Retiring soon? don't
finishing school? get another degree
working 2 jobs? get a third
got skills? move to China or Saudi

need more room for your Chinese products? 
get a smaller home
-that's only because you can't afford your rent any more,
having lost your mortgage too.

what I'm saying is: our elected leaders have already
marked out the post 2008 decade as a zero sum gain, at best.

They're only doing that because they don't want to bring
the banks to heal, even between election campaigns.
They'd rather ruin every one the social democratic habits
we had, and have built for us, as a society. It will all be
privatised and we're going back to the Middle Ages.
How's your gardening, paisan?

But, there's hope, from a hedge fund manager! Ain't things
screwed up enough?
Anyway, Kyle Bass seems to think that Japan will implode
in 3-5 years. The only hope is that the other big Western
countries will not have enough wiggle room to get their
banking untangled by then, which will make the whole
Wicker Man globalised system burn up.

I'll explain the wiggle room conundrum. It's akin to a
Mexican standoff, with everybody holding their guns,
butt nobody can act because of the risk to themselves.
That's this vaunted globalised financial market. It's
ready-aye-ready for mass financial hari-kiri. So, if
the West pulls out of its Japanese investments too
quickly, Japan goes tits-up, and then every other
Western country goes tits-up.
[bad for everybody, short term, but then the Debt
Austerity Olympics will have ended.]
China & India are withdrawing from Dollar World,
with its Treasury paper & derivatives,
but oh, so slowly, as to not harm their remaining
investments.

So, 3-5 years for the Bonfire of the Financials. Stock
up on wood for heating.

Read 'em and weep: Mish

Kyle Bass on the End of the Debt Supercycle and a Coming Massive Devaluation of the Yen; Most Difficult Time to Invest; The Belief Bubble

Late last month, Kyle Bass, managing partner of Hayman Capital, shared his thoughts in a video at the University of Virginia Darden School of Business Investing Conference with Professor Ken Eades.
It is a fantastic interview that echoes many of the things I have been saying about Japan for quite some time.

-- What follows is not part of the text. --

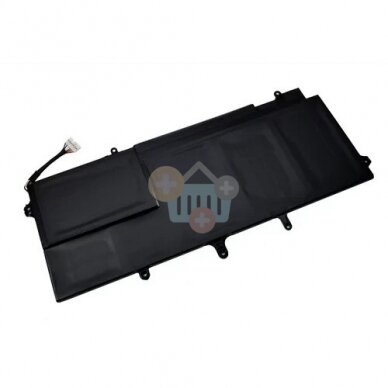Nešiojamo kompiuterio baterija HP BL06XL, 42Wh +++ TOP Balansas Nešiojamo kompiuterio baterija HP BL06XL, 42Wh +++ TOP Balansas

Link if video does not play: Conversation with Kyle Bass
Interview Snips

...    A lot has happened in Japan in the last 12 months. In fact, in the last 2 months we believe Japan has crossed that proverbial Rubicon. We think that you've seen 20 years of conjecture regarding Japan's eventual demise. And now we see a point where, in the last couple months what you see is a continued deterioration in their balance of trade. It's actually running at about negative $100 billion or close to 10 trillion Yen. And we think given this resurgence of Chinese nationalism over the Senkaku crisis [disputed islands], you're going to see that move another 1.5 to 2 percent or another $100 billion. Put that in perspective. What that means is we could see full current account negativity in Japan in October. That's something nobody is ready for.

    Think about it. You have a secular decline in the population, you have a balance of trade that is literally being rewritten and falling off a cliff, and their GDP is now tracking negative 3.5 or 4 percent.

    So what has to happen in Japan. Now their backs are against the wall. They have a full crisis, and they absolutely have to change the manner in which they deal with their currency. And so we think over the last couple of months they have crossed the final Rubicon that turns the whole situation around and weakens the Yen from a currency perspective. Then you are going to start to see, we think, in the next 12-18 months a move in their rates.
    Basically Japan is entering its final checkmate phase of the game.